● WORK TO BE COMPLETED
From the entries below, please output exactly the lines starting at the one containing "Леггинсы Select Short, белый - фото" and ending at the one containing "A pic from outside/outdoor", both included.

Content starts

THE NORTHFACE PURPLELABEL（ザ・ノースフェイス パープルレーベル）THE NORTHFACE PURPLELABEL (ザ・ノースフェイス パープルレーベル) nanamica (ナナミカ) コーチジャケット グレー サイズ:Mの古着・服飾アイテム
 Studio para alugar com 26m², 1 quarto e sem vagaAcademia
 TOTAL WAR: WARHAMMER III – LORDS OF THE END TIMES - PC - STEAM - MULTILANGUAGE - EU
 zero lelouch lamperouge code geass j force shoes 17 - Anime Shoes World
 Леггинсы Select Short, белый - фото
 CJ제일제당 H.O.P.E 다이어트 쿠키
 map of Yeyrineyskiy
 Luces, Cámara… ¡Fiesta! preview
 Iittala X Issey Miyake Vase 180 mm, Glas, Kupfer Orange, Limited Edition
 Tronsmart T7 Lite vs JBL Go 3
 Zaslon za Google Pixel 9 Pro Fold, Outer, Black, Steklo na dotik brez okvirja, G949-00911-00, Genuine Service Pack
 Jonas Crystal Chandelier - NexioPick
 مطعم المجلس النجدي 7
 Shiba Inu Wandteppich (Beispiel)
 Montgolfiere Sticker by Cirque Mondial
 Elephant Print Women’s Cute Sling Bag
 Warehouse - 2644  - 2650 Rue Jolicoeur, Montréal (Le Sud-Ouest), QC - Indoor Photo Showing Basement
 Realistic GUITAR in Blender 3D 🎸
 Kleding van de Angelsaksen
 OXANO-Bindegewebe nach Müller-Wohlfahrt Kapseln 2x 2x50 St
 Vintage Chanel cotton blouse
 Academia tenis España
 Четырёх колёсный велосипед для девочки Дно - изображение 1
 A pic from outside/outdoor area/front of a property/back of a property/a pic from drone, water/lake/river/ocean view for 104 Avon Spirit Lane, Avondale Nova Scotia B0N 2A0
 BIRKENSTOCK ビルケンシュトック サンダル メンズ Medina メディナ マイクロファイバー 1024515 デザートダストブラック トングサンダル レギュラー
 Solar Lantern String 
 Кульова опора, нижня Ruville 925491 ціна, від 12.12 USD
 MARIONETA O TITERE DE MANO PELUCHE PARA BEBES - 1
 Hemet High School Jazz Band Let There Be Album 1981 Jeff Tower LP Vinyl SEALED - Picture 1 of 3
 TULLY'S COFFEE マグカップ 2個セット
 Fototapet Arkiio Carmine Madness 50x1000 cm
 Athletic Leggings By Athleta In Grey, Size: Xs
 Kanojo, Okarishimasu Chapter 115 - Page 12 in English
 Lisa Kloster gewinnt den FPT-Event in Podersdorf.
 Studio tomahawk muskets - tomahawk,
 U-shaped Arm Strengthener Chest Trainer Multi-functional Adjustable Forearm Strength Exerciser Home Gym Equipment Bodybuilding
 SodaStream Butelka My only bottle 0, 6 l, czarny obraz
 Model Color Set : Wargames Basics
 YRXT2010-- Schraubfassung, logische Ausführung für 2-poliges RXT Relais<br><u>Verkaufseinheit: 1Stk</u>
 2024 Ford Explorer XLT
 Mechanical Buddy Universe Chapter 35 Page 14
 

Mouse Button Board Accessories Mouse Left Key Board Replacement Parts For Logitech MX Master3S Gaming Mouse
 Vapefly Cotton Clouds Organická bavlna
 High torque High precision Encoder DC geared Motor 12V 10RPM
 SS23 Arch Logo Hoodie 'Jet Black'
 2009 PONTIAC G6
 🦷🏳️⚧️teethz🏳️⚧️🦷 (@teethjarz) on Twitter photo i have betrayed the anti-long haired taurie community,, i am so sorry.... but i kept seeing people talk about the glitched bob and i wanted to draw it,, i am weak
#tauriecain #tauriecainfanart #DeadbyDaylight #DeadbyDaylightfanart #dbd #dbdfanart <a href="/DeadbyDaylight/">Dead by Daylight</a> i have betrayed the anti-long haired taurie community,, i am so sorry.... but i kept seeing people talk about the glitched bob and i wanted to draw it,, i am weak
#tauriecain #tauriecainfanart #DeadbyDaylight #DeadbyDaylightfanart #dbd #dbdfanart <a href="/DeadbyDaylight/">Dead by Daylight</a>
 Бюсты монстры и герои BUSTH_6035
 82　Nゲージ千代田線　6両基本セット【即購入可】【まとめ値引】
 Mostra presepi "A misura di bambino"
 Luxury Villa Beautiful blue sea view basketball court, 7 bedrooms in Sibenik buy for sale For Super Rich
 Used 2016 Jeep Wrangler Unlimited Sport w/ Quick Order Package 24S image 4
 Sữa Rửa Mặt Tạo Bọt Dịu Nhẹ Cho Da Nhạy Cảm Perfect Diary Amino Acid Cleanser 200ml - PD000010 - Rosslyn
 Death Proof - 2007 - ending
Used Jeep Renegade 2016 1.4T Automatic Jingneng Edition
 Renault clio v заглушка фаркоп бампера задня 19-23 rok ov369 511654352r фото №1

Content ends

● TASK ANSWER
 Леггинсы Select Short, белый - фото
 CJ제일제당 H.O.P.E 다이어트 쿠키
 map of Yeyrineyskiy
 Luces, Cámara… ¡Fiesta! preview
 Iittala X Issey Miyake Vase 180 mm, Glas, Kupfer Orange, Limited Edition
 Tronsmart T7 Lite vs JBL Go 3
 Zaslon za Google Pixel 9 Pro Fold, Outer, Black, Steklo na dotik brez okvirja, G949-00911-00, Genuine Service Pack
 Jonas Crystal Chandelier - NexioPick
 مطعم المجلس النجدي 7
 Shiba Inu Wandteppich (Beispiel)
 Montgolfiere Sticker by Cirque Mondial
 Elephant Print Women’s Cute Sling Bag
 Warehouse - 2644  - 2650 Rue Jolicoeur, Montréal (Le Sud-Ouest), QC - Indoor Photo Showing Basement
 Realistic GUITAR in Blender 3D 🎸
 Kleding van de Angelsaksen
 OXANO-Bindegewebe nach Müller-Wohlfahrt Kapseln 2x 2x50 St
 Vintage Chanel cotton blouse
 Academia tenis España
 Четырёх колёсный велосипед для девочки Дно - изображение 1
 A pic from outside/outdoor area/front of a property/back of a property/a pic from drone, water/lake/river/ocean view for 104 Avon Spirit Lane, Avondale Nova Scotia B0N 2A0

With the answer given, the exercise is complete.